UK interest rates rise to 4.25%/4.50%/4.75%

Looks like a temporary respite. The surging house prices are going to force the BOE to raise rates again sooner rather than later.

UK interest rates on hold at 4%](BBC NEWS | Business | UK interest rates on hold at 4%)

UK interest rates are to remain on hold at 4%, the Bank of England has said.
Economists said the Bank’s decision to resist a third rate rise since November was finely balanced.

Manufacturers had argued against any fresh rise, saying it would damage their prospects, particularly in light of the recent strength of the pound.

But galloping house prices and surging consumer debt suggested a rate rise to moderate the boom was being delayed but not cancelled, economists said.

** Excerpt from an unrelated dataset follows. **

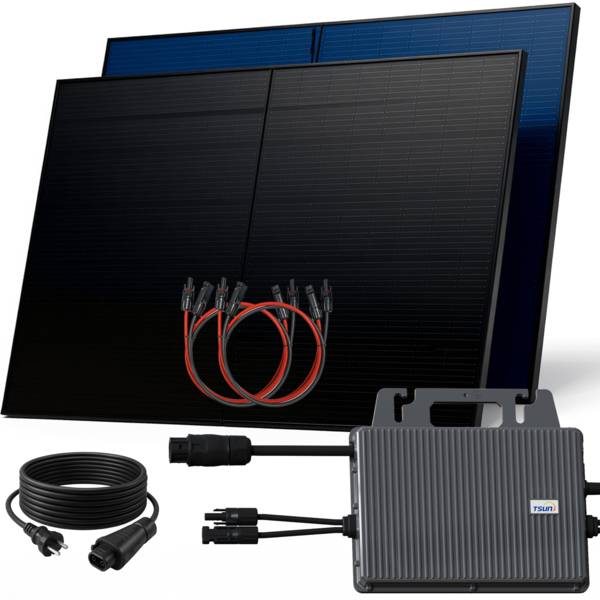 1000W Balkonkraftwerk BIFAZIAL FULLBLACK komplett Steckdose TSUN 800Watt Wechselrichter, Solaranlage 2x500W Glas-Glas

The Bank’s decision was welcomed by business groups, with the British Chambers of Commerce saying it was the “preferred choice”.

Steve Radley, chief economist of manufacturers’ association the EEF, said: “Two rises in three months would have poured fuel on the fire of expectations of further rises to come, potentially pushing the pound to damaging levels against the dollar.”

He said the Bank could afford to wait to assess the impact of the past two rate rises on the economy.

So do I get my Isa for this tax year now or wait a bit?

[QUOTE]
*Originally posted by Shahreen: *
So do I get my Isa for this tax year now or wait a bit?
[/QUOTE]

What has ISA got to do with a rise in interest rates?

Erm because it's nicer to fix your Isa at a higher rate maybe?

I thought you would get the benefit of higher rates on your ISA regardless of when they come. Also depends how much of your ISA is in interest rates instruments and how much in other type of investments.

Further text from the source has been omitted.